Superoxide dismutase is preferentially degraded by a proteolytic system from red blood cells following oxidative modification by hydrogen peroxide

Abstract

The cupro-zinc enzyme superoxide dismutase (SOD) undergoes an irreversible (oxidative) inactivation when exposed to its product, hydrogen peroxide (H 2O 2). Recent studies have shown that several oxidatively modified proteins (e.g., hemoglobin, albumin, catalase, etc.) are preferentially degraded by a novel proteolytic pathway in the red blood cell. We report that bovine SOD is oxidatively inactivated by exposure to H 2O 2, and that the inactivated enzyme is selectively degraded by proteolytic enzymes in cell-free extracts of bovine erythrocytes. For example, 95% inactivation of SOD by 1.5 mM H 2O 2 was accompanied by a 106 fold increase in the proteolytic susceptibility of the enzyme during (a subsequent) incubation with red cell extract. Both SOD inactivation and proteolytic susceptibility increased with H 2O 2 concentration and/or time of exposure to H 2O 2. Pre-incubation of red cell extracts with metal chelators, serine reagents, or sulfhydryl reagents inhibited the (subsequent) preferential degradation of H 2O 2-modified SOD. Furthermore, a slight inhibition of degradation was observed with the addition of ATP. We suggest that H 2O 2-inactivated SOD is recognized and preferentially degraded by the same. ATP-independent, metallo- serine- and sulfyhydryl- proteinase pathway which degrades other oxidatively denatured red cell proteins.

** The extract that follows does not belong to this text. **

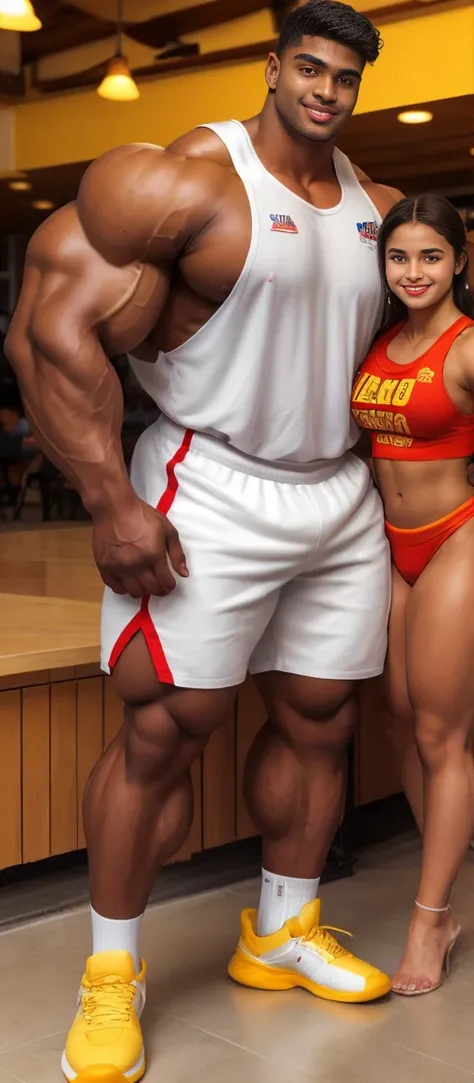 Dark skin baby faced indian very young muscular male with a mature woman, very tall, 2.30 meters tall, 20 year old overweight  bodybuilder basketball player, school freshman in basketball clothes, cute innocent sweet young funny face, great height differen...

Related work in this laboratory suggests that this novel proteolytic pathway may actually consist of a 700 kDa enzyme complex of proteolytic activities. Mature red cells have no capacity for de novo proteins synthesis but do have extremely high concentrations of SOD. Red cell SOD generates (and is, therefore, exposed to) H 2O 2 on a continuous basis, by dismutation of superoxide (from hemoglobin autooxidation and the interaction of hemoglobin with numerous xenobiotics). We suggest that preferential degradation of H 2O 2-modified SOD may protect erythrocytes against the accumulation of oxidatively denatured SOD aggregates, and potentially toxic protein fragments.